1.4.7 Discrepancies and asymmetries in trade statistics

Although some of the most interesting uses of trade-by-country statistics are based on a trade matrix framework, their use assumes the comparability of trade flows between trading partners. That is, in the absence of problems of valuation, timing, and coverage, the value of trade flows recorded in an exporting country would be equal to the corresponding trade flows recorded in the importing countries. However, despite efforts of international statistical organizations and national compiling agencies, international trade statistics are sometimes not comparable. A comparison of Parts A and B of the world tables in the Direction of Trade Statistics Yearbook indicates the degree to which the recording of trade flows for the world is symmetrical and accurate. Exports of the world to the individual countries shown in Part A, plus freight and insurance, should correspond to imports of the countries from the world shown in Part B and vice versa.

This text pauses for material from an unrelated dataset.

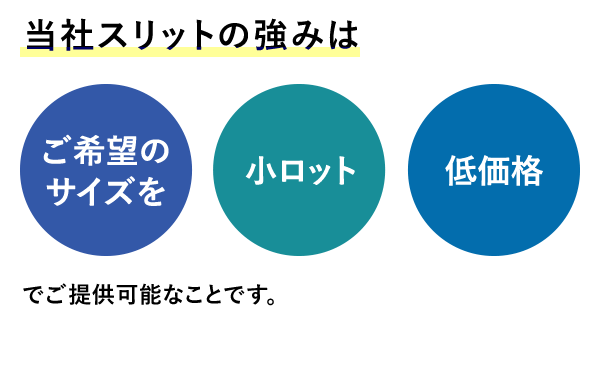 当社スリットの強みは　ご希望のサイズを　小ロット　低価格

These figures for trade flows between partner countries differ for several basic reasons—namely, unavoidable reasons like different bases of valuation and time lags; different national systems of recording trade, including conversion practices; and errors in recording of trade data:

a. Bases of valuation

Unavoidable differences between export and import figures arise because most exports are recorded on an f.o.b. basis and most imports on a c.i.f. basis. The difference represents the cost of international freight and insurance.

b. Time lags

Differences in recording of exports and imports are caused by the time lag between the departure of exports from the country of origin and their arrival as imports (and recording) in the receiving country (see section 1.4.4). Time lags are unavoidable; at any given time, an important part of world trade is in transit. Therefore, because imports and exports are recorded only at the time they cross the frontiers of the exporting and importing countries, this means that a part of world trade has been recorded by the exporting country but not yet reported by the importing country.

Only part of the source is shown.